An important and controversial topic in the area of personal wallet security is the concept of “brainwallets” - storing funds using a private key generated from a password memorized entirely in one’s head. Theoretically, brainwallets have the potential to provide almost utopian guarantee of security for long-term savings: for as long as they are kept unused, they are not vulnerable to physical theft or hacks of any kind, and there is no way to even prove that you still remember the wallet; they are as safe as your very own human mind. At the same time, however, many have argued against the use of brainwallets, claiming that the human mind is fragile and not well designed for producing, or remembering, long and fragile cryptographic secrets, and so they are too dangerous to work in reality. Which side is right? Is our memory sufficiently robust to protect our private keys, is it too weak, or is perhaps a third and more interesting possibility actually the case: that it all depends on how the brainwallets are produced?

### Entropy

If the challenge at hand is to create a brainwallet that is simultaneously memorable and secure, then there are two variables that we need to worry about: how much information we have to remember, and how long the password takes for an attacker to crack. As it turns out, the challenge in the problem lies in the fact that the two variables are very highly correlated; in fact, absent a few certain specific kinds of special tricks and assuming an attacker running an optimal algorithm, they are precisely equivalent (or rather, one is precisely exponential in the other). However, to start off we can tackle the two sides of the problem separately.

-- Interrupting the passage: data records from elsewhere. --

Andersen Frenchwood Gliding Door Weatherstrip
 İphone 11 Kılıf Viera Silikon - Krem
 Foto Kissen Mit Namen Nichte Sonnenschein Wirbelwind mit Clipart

A common measure that computer scientists, cryptogaphers and mathematicians use to measure “how much information” a piece of data contains is “entropy”. Loosely defined, entropy is defined as the logarithm of the number of possible messages that are of the same “form” as a given message. For example, consider the number 57035. 57035 seems to be in the category of five-digit numbers, of which there are 100000. Hence, the number contains about 16.6 bits of entropy, as 2^{16.6} ~= 100000. The number 61724671282457125412459172541251277 is 35 digits long, and log(10^{35}) ~= 116.3, so it has 116.3 bits of entropy. A random string of ones and zeroes n bits long will contain exactly n bits of entropy. Thus, longer strings have more entropy, and strings that have more symbols to choose from have more entropy.

On the other hand, the number 11111111111111111111111111234567890 has much less than 116.3 bits of entropy; although it has 35 digits, the number is not of the category of 35-digit numbers, it is in the category of 35-digit numbers with a very high level of structure; a complete list of numbers with at least that level of structure might be at most a few billion entries long, giving it perhaps only 30 bits of entropy.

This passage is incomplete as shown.